Rehana Omardeen

Sampling signers in Providence Island

Who should be included in a representative sample of sign language users? Much sign language research has largely focused on native signers, deaf signers of deaf signing parents. However, as the breath of sign languages under study increases, it is becoming clear that focusing on deaf native signers may leave several blind spots. Among deaf signers, this group is a statistic minority, and in some settings native signers are near-impossible to find (Costello et al., 2008). Furthermore, deaf signers may only represent one part of the language community; in rural settings with high concentrations of genetic deafness, hearing signers can make up a key signing demographic (de Vos, 2016). I discuss the challenges of sampling signers of Providence Island Sign Language (PISL), a small rural sign language community concentrated around a small number of deaf people with highly heterogenous backgrounds, none of whom however are born to deaf parents. I critically examine in the context of PISL, who should be included in a representative sample and why.

Rural sign languages like PISL present a particular challenge for sampling. In one sub-type, village sign languages, genetic deafness may lead to a high proportion of deaf native signers available for sampling (Nyst, 2015). However, not all rural settings are the same. Rural sign languages can be used by small numbers of deaf signers dispersed over vast geographic areas (e.g. Schuit, 2010; Safar 2019). They can be used by just one deaf individual and their hearing network, or string together multiple connected networks of deaf signers (Reed, 2019; Hou, 2016). In these settings, vertical transmission from parent to child may be less important than horizontal transmission, and the role of hearing signers and conventionalized gesture may be particularly critical (Nyst, 2012; Reed, 2019; Mesh & Hou, in press). These rural sign language communities are so diverse that we must critically examine decisions of which signers to include in a representative sample.

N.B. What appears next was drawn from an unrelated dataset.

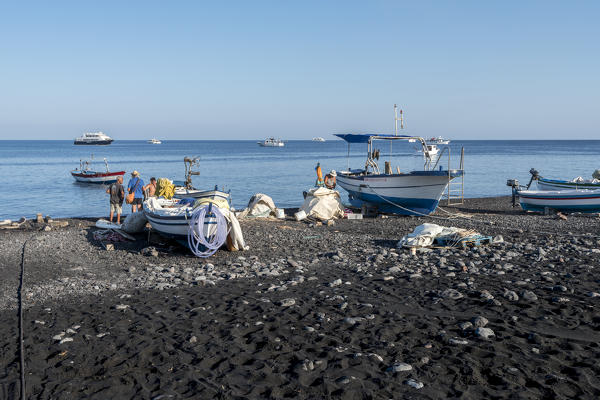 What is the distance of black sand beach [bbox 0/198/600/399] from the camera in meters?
5.91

In the Caribbean island of Providence, 13 deaf signers and their networks of hearing signers are dispersed across the island’s several villages. Signers range from 8 to 82 years old and all deaf signers have hearing parents. For most individuals, contact with other deaf people is infrequent. There is also is great variation in individual backgrounds, ranging from one multigenerational deaf extended family, to multiple individuals who have moved to the island and adapted their previous (home) sign systems to facilitate communication. There is a large degree of lexical variation among the deaf, however communication among signers is fluent.

I will present the challenges I faced in creating a corpus of spontaneous and semi-spontaneous conversation in PISL. Data collection took place as part of a documentation project over a 3-month period in early 2019. A total of 8 deaf and 4 hearing signers were recorded. I will evaluate the decisions made and discuss my successes and failures to create a representative sample with respect to (1) deaf signers and (2) hearing signers.

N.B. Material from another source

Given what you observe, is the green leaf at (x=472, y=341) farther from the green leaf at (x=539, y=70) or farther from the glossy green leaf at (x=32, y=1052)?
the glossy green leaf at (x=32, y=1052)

Firstly, PISL has relatively few deaf signers. This number shrinks further when taking into account minimum age for consent, as well as intelligibility and availability of the individual. I discuss exclusion criteria for sampling, given the diversity of backgrounds of the deaf in Providence. I will discuss issues such as the motivation behind including L2 deaf signers in my sample, as well as how I navigated interpersonal relationships among signers to maximize useful pairings in conversational settings. For example, pairing signers within the same family or within the same village resulted in a far richer, more natural conversational data than pairing signers who merely overlapped in age.

Secondly, I discuss the challenges of including hearing signers. While deaf-deaf interactions are often considered gold standard in sign language research, for most deaf people in Providence, deaf-hearing interactions are the norm. Interestingly, examining a single deaf signer in multiple settings can also reveal patterns; while one signer may use a seemingly idiosyncratic lexical variant, however this variant may be widely shared among his hearing network. Identifying suitable hearing signers proved challenging, especially as the communicative competence of hearing signers differed based on the type of interaction they routinely conduct in sign (e.g. sister versus employer).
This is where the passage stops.